Do you eat to live, or do you live to eat??? Not much of a difference? Think again because the difference is from one extreme to the other.

According to Jewish law, one should avoid eating before his morning prayers. The reason is, so that the first thing, when we get up, we give our attention to G-d. If we first read the paper, watch the news, we have a hearty breakfast, do a couple of errands, and then pray, it is almost like G-d is an afterthought, way down on the list of priorities, and that’s disrespectful.

When Rebbetzin Rivkah (wife of Rabbi Shmuel, the fourth Chabad-Lubavitch Rebbe) was eighteen, she fell ill and the physician ordered her to eat immediately upon awakening. She, however, did not wish to eat before praying, so she woke up even earlier and prayed—so that she could eat breakfast at the time she had been used to waking up beforehand. Understandably, her new schedule, with now reduced sleep time, did not cause her health condition to improve.
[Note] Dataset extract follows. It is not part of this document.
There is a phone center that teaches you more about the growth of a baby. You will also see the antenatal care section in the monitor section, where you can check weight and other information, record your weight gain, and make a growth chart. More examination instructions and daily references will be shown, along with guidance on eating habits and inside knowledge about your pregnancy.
When her father-in-law, the Tzemach Tzedek (Rabbi Menachem Mendel, third Chabad-Lubavitch Rebbe) learned of his daughter-in-law's behavior, he said to her:

“We must be healthy and strong…… one should bring vitality and liveliness into the performance of his good deeds - mitzvot. To be able to infuse mitzvot with vitality, one must be strong and joyful."

He concluded: "You should not be without food. Better to eat for the sake of praying, than to pray for the sake of eating..."
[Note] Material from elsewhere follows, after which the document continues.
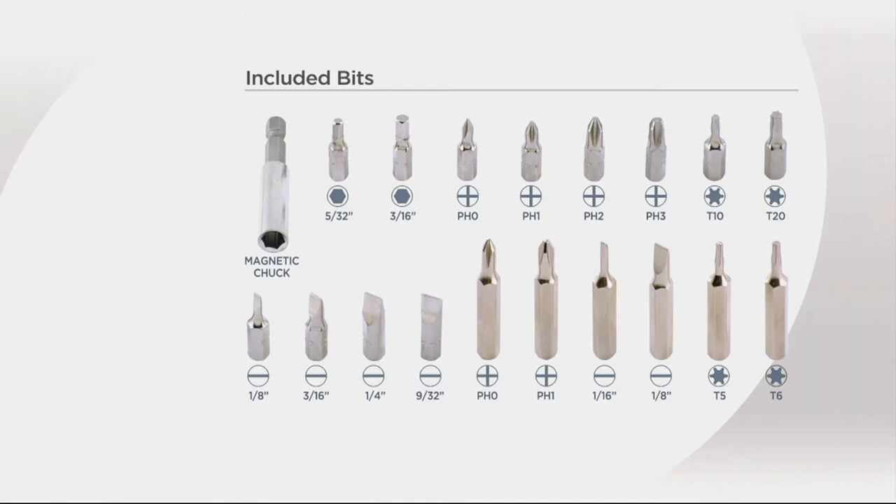This is great too if you only need one of the two — you could keep one and gift one. If you split it up, it's like sixteen dollars and change per screwdriver, which is a great value. But it's really all about the jobs you're getting done, so let's show why this is different from the traditional screwdriver.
When we eat for the sake of praying, we have taken a course, animalistic, natural behavior, and elevated it to a sublime spiritual act. Eating, now becomes an element and part of the equation of praying.

When a person prays and can’t wait until he has finished, so he can run to the ball game and have a cold beer or some other recreation to enjoy himself, the reverse of the previous scenario takes place. He has turned on its face, what should be an opportunity to reach the greatest of heights, and dragged it in the reverse direction, towards the mundane and materialistic.
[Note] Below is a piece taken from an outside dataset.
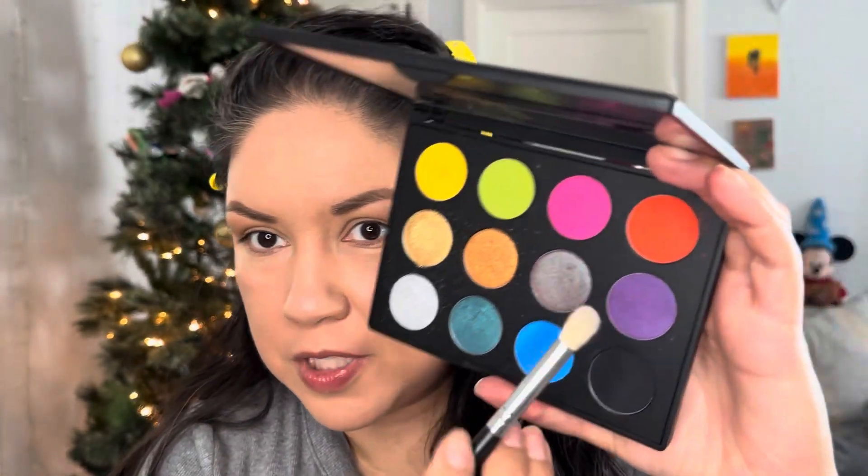Now that I've placed my transition color on both lids, I'm going in with this MAC Art Library palette — it's called Designer. I'm gonna pick up this purple called Dark Room — I haven't used this purple so today's the day! I'm picking it up with this pointier brush, the Morphe M519, and going into the outer part of the eye and swirling it into the crease.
A great Rabbi, on the subject of elevating the day and infusing it with spirituality, urged his community to think words of the Bible during business, to say words from the book of Psalms more often, whenever possible. They give strength to the day, and to what is otherwise a dull day. One of the members was indignant, “Rabbi, how is it possible to mix spirituality and business together,” he asked.

The Rabbi answered, “ If it’s possible to think of business in the synagogue while praying, why shouldn’t it be possible to think of praying while in business?” Clearly the two, don’t have a problem with each other.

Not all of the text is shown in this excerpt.